How it fits together

An orchestrator (swarm serve) pairs with pond once, then polls /v1/orch for jobs and relays results back. Pond never dials out to it — so the pool can be anywhere.
Workers (swarm worker) register with the orchestrator, claim jobs, and run each agent in the sandbox the stage declared.

The worker tool lives in this repo under ../../swarm/; it’s stdlib-only Python you copy to a worker host.

A pool is one orchestrator + its workers, and you can run several at once (e.g. a trusted in-house pool plus per-tenant BYO pools). For how this fits the overall deployment — what runs where and how many — see Concepts → What you deploy.

1. Pair an orchestrator

The orchestrator needs a one-time pairing code and pond’s URL, then it self-configures:

cd swarm
python swarm.py pair        # redeems a pairing code → writes backend-handle.json
python swarm.py serve --bind 127.0.0.1:8080 --token POOL_SECRET --state-dir ./swarm-state

serve reads the paired backend handle and starts polling pond. (--help lists the pair flags; bind loopback and terminate TLS in front, or use --insecure-no-tls only on a trusted overlay.)

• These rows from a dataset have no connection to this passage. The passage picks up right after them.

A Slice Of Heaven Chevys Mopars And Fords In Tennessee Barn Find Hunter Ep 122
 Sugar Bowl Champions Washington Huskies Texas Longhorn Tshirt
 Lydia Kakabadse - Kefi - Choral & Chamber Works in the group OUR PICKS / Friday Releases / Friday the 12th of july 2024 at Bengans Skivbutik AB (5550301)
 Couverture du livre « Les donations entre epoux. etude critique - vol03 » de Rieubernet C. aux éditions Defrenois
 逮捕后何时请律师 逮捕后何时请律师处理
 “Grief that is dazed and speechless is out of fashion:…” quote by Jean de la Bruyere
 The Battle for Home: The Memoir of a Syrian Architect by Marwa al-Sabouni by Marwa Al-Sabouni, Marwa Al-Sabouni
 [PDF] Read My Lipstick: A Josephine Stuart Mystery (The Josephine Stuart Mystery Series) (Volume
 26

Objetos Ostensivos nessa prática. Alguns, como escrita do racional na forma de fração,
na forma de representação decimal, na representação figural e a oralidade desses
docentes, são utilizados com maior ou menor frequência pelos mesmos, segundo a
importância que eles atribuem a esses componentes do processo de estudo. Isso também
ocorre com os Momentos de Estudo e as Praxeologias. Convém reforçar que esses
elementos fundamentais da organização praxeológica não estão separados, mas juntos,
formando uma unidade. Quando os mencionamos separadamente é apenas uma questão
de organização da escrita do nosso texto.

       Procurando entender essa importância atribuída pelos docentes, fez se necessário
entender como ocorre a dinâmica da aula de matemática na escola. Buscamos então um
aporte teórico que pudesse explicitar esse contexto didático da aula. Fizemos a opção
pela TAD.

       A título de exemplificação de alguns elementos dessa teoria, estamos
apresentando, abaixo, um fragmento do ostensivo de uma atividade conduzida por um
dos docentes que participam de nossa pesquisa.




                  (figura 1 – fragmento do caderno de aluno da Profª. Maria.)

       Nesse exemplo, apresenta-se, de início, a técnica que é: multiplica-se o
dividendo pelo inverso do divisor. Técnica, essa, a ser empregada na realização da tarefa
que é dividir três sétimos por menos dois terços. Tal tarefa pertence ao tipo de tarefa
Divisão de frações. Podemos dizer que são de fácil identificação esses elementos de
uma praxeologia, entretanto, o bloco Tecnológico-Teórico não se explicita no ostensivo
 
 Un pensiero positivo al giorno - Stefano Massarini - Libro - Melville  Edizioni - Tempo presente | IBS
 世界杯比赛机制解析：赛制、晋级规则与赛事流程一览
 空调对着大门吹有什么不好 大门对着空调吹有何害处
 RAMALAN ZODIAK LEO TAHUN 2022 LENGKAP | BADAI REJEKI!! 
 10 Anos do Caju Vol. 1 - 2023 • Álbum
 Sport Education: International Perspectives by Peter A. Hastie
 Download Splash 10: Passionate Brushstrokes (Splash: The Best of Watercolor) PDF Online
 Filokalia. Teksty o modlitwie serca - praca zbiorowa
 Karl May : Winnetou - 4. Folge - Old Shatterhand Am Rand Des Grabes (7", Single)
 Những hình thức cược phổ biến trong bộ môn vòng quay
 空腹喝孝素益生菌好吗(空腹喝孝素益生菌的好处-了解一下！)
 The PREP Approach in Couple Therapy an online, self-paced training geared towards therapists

Where do pairing & enrollment codes come from? You mint them from pond’s operator API — POST /v1/admin/pool/pairing-codes and …/enrollment-codes (and there’s a read-only …/pool/orchestrators + …/pool/workers view). See Set up an agent for the full walk-through, including registering the harness/model/credential a stage needs.

2. Attach workers

python swarm.py worker \
  --orchestrator http://orch.lan:8080 \
  --enroll-code CODE \
  --tags pool:trusted,repo:acme \
  --capabilities harness.codex,sandbox.firecracker \
  --repo-root /srv/checkouts \
  --concurrency 2

—tags decide where jobs may land (subset-matched against a stage’s required tags): pool:trusted / pool:byo, tenant:<id>, deployment shards like repo:acme.
—capabilities decide what the worker can do (glob-matched): harness.* (which agent CLI), sandbox.* (which isolation backend). A worker only keeps a sandbox.<backend> capability it can actually enforce.
Install cryptography on the worker (uv sync in swarm/, or pip install cryptography) so it can unseal credentials/bundles and sign results. Without it the worker still runs, but can’t do sealed delivery or attestation.

Match the worker’s tags/capabilities to what your stages request (see Sandbox a run and Author a workflow) — a job with no matching worker stays queued (fail-closed), it never runs somewhere unsuitable.

3. Agents, models, credentials

A swarm stage resolves a harness (which CLI), a model, and a credential. These are configured through the same operator console noted above; pond seals the chosen credential to the claiming worker at dispatch (see specs/model-credentials).

Operating

swarm.py status / jobs / cancel / evict manage a running pool (run with --help). The pool protocol itself is specced in specs/worker-pool-protocol.